12872. AU CONSEILLER PRIVÉ DE LÉGATION BARON DE KNYPHAUSEN ET AU SECRÉTAIRE MICHELL A LONDRES.

Thiemendorf, 10 mai 1761.

Votre dépêche du 28 avril m'est heureusement parvenue ici. Comme j'ai laissé mes instructions au ministre d'État comte de Finck avant mon départ de Meissen,378-3 il vous instruira sur tout ce qui fait le sujet de votre dépêche. Je veux cependant vous faire observer en peu de mots que mes soupçons se fortifient de plus en plus qu'il y a encore un esprit de conquête dans les Indes parmi les ministres anglais, et que c'est proprement par là qu'ils se raidissent encore contre la suspension d'armes et contre les époques proposées par la France.378-4 Je souhaite que l'Angleterre ne regrette jamais ses raisons, pour ne pas rendre par un armistice les Français à même de tirer de nouvelles<379> ressources de ses possessions dans les Indes. Il me semble qu'on saurait convenir que les flottes et les vaisseaux de part et d'autre resteraient pendant la suspension d'armes, jusqu'à la paix faite, là où ils sont, sans rien entreprendre. Si celle-ci me paraît avoir parlé dans sa réponse379-1 d'un ton plus haut, il faut l'attribuer à ce que la France se voit obligée d'agir en tout cela de concert avec ses alliés et de parler d'un ton commun; je souhaite seulement que Bussy arrive à Londres, alors je me flatte que tout prendra une toute autre tournure, la France pouvant alors s'expliquer seule envers l'Angleterre.

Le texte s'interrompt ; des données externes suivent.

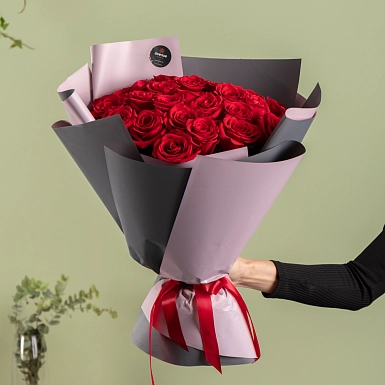 35 красных Голландских роз 50 см в оформлении - фото 4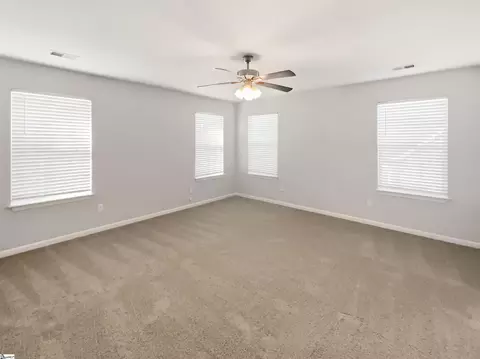 605 N Meadows Ln, Easley, SC 29642 photo 4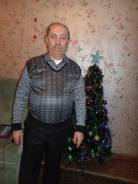 Гардеробщик.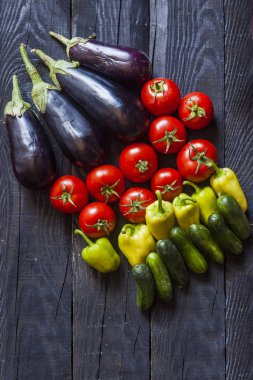 Salata malzemeleri. Odun üzerinde taze çiğ sebze. Sağlıklı pişirme salatası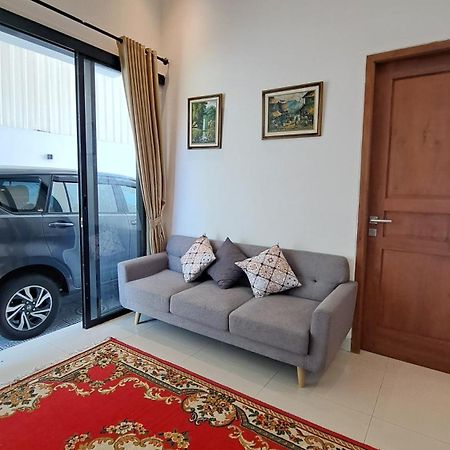 Family Homestay Near Malioboro Yogyakarta Ngoại thất bức ảnh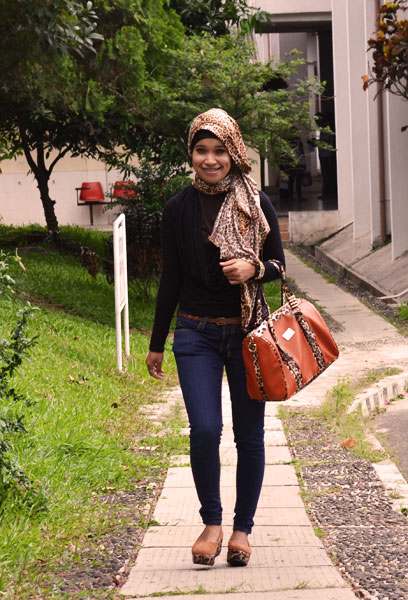 Style Hijab Shawl @Campus - Hellen Anggraeni 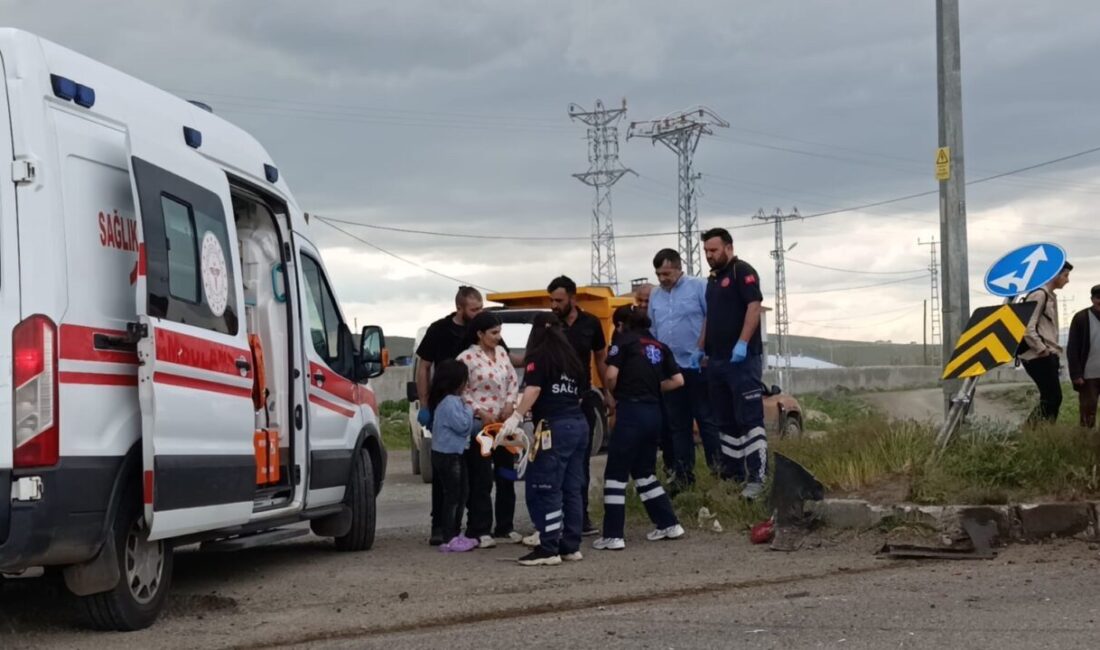 Kars’ta 2 aracın çarpışması sonucu meydana gelen trafik kazasında 3’ü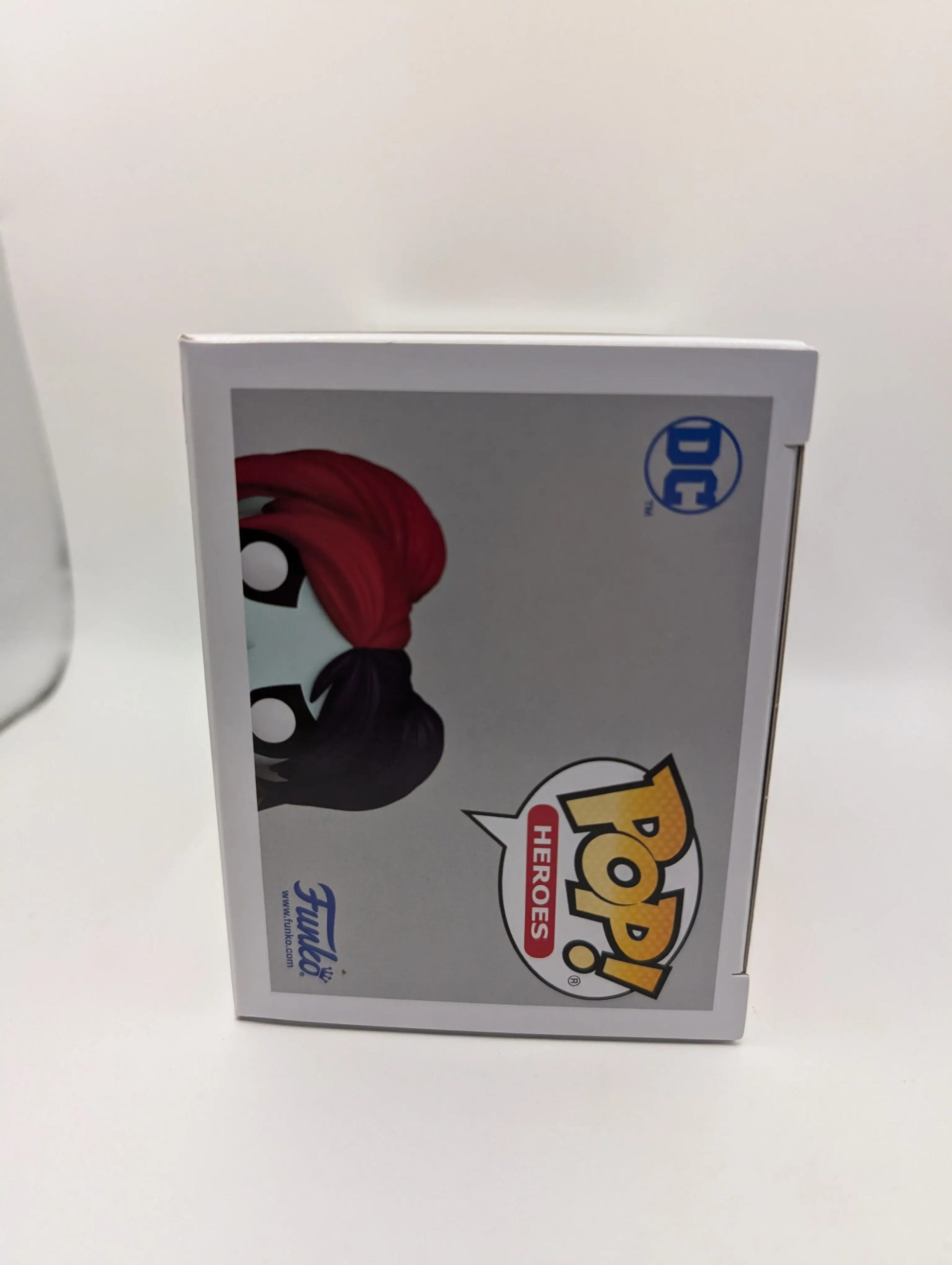 DC Comics - Harley Quinn with Pizza Pop! Vinyl Figure #452 Funko FRENLY BRICKS - Open 7 Days image 5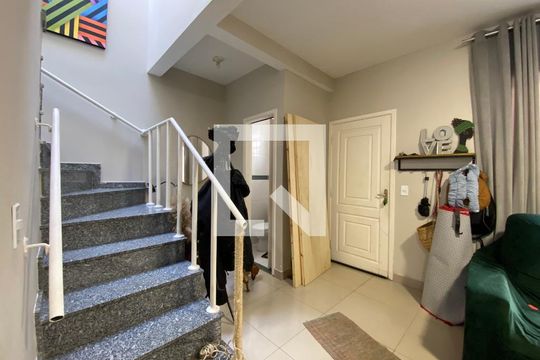 Sala de casa à venda com 3 quartos, 98m² em Jardim Celeste, São Paulo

Vous pouvez penser vous-même qu'il m'est bien difficile d'expliquer mes idées au ministère anglais touchant les intérêts de l'Allemagne, avant qu'on ne soit convenu d'un armistice. Si les opérations de guerre continuent, les évènements changent du jour au lendemain les choses. Si mes ennemis ont des avantages sur moi ou sur l'armée alliée, cela haussera leur ton et leurs prétentions. La seule chose que je puis vous dire à présent, c'est [que], comme je ne suis pas à même de donner des lois à mes ennemis, il ne faut pas qu'ils m'en donnent à leur tour, et que, d'ailleurs, je ne souscrirai jamais à aucune cession de mes États, pas même d'un village. Pour tout le reste, il faut que vous vous concertiez avec mon ministre de Finckenstein pour avoir des instructions plus amples à ce sujet.

Federic.

Nach dem Concept.



378-3 Vergl. Nr. 12862.

378-4 In dem Memoire Choiseuls (vergl. Nr. 12809) war der Vorschlag gemacht worden, „que . . les deux couronnes resteront en possession de ce qu'elles ont conquis, l'une sur l'autre, et que la situation où elles se trouveront au 1er de septembre de l'année 1761 aux Indes Orientales, au 1er de juillet de ladite année aux Indes Occidentales et en Afrique, et au 1er de mai prochain en Europe, sera la position qui servira de base au traité“ .

379-1 Brief und Memoire Choiseuls, d. d. Versailles 19. April.